Utf8 is just a nice way of encoding characters and has a very clearly defined structure, so fundamentally it is reasonably simple to read a chunk of memory and validate it contains utf8. Mostly this consists of verifying that certain bit patterns do NOT occur, such as C0, C1, F5 to FF. (depending on position)

It is reasonably simple in C (sorry, dont speak python) to code something that is a simple fopen/fread and check the bit patterns of each byte, although i would recommend finding some code to cut/paste ( eg http://utfcpp.sourceforge.net/ but i havent used these exact routines) as there are some caveats and special cases to handle. Just treat the input bytes as unsigned char and bitmask them directly. I would paste what I use, but not in office.

A C program will rapidly become IO bound, so suggestions about IO will then apply if you want ultimate performance, however direct byte inspection like this will be hard to beat in performance if you do it right. Utf8 is nice in that you can find boundaries even if you start in the middle of the file, so this leads nicely to parallel algorithms.

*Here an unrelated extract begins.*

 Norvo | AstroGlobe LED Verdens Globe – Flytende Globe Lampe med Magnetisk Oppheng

If you build you own, watch for BOM masks that might appear at start of some files.

Links

http://en.wikipedia.org/wiki/UTF-8 nice clear overview with table showing valid bit patterns.

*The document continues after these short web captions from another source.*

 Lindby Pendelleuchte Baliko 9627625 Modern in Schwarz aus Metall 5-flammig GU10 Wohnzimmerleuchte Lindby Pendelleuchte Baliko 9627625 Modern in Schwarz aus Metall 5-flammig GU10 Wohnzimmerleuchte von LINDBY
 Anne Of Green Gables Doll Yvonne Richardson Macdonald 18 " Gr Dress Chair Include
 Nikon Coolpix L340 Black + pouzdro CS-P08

https://www.rfc-editor.org/rfc/rfc3629 the rfc describing utf8

http://www.unicode.org/ homepage for unicode consortitum.

Question 2

Your best bet according to me is parallilize. If you can parallelize the cleaning and clean many contents simoultaneously then the process will be more efficient. I'd look into a framework for parallelization e.g. mapreduce where you can multithread the task.

Question 3

I would look at memory mapped files. This is something in the Microsoft world, not sure if it exists in unix etc., but likely would.

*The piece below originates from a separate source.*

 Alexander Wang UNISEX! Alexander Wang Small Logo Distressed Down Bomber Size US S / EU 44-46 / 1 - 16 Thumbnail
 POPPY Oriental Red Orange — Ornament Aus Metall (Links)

Basically you open the file and point the OS at it and it loads the file (or a chunk of it) into memory which you can then access using a pointer array. For a 100 GB file, you could load perhaps 1GB at a time, process and then write to a memory mapped output file.

http://msdn.microsoft.com/en-us/library/windows/desktop/aa366556(v=vs.85).aspx

http://msdn.microsoft.com/en-us/library/windows/desktop/aa366542(v=vs.85).aspx

This should I would think be the fastest way to perform big I/O, but you would need to test in order to say for sure.

HTH, good luck!

Question 4

Unix/Linux and any other POSIX-compliant OSs support memory map(mmap) toow.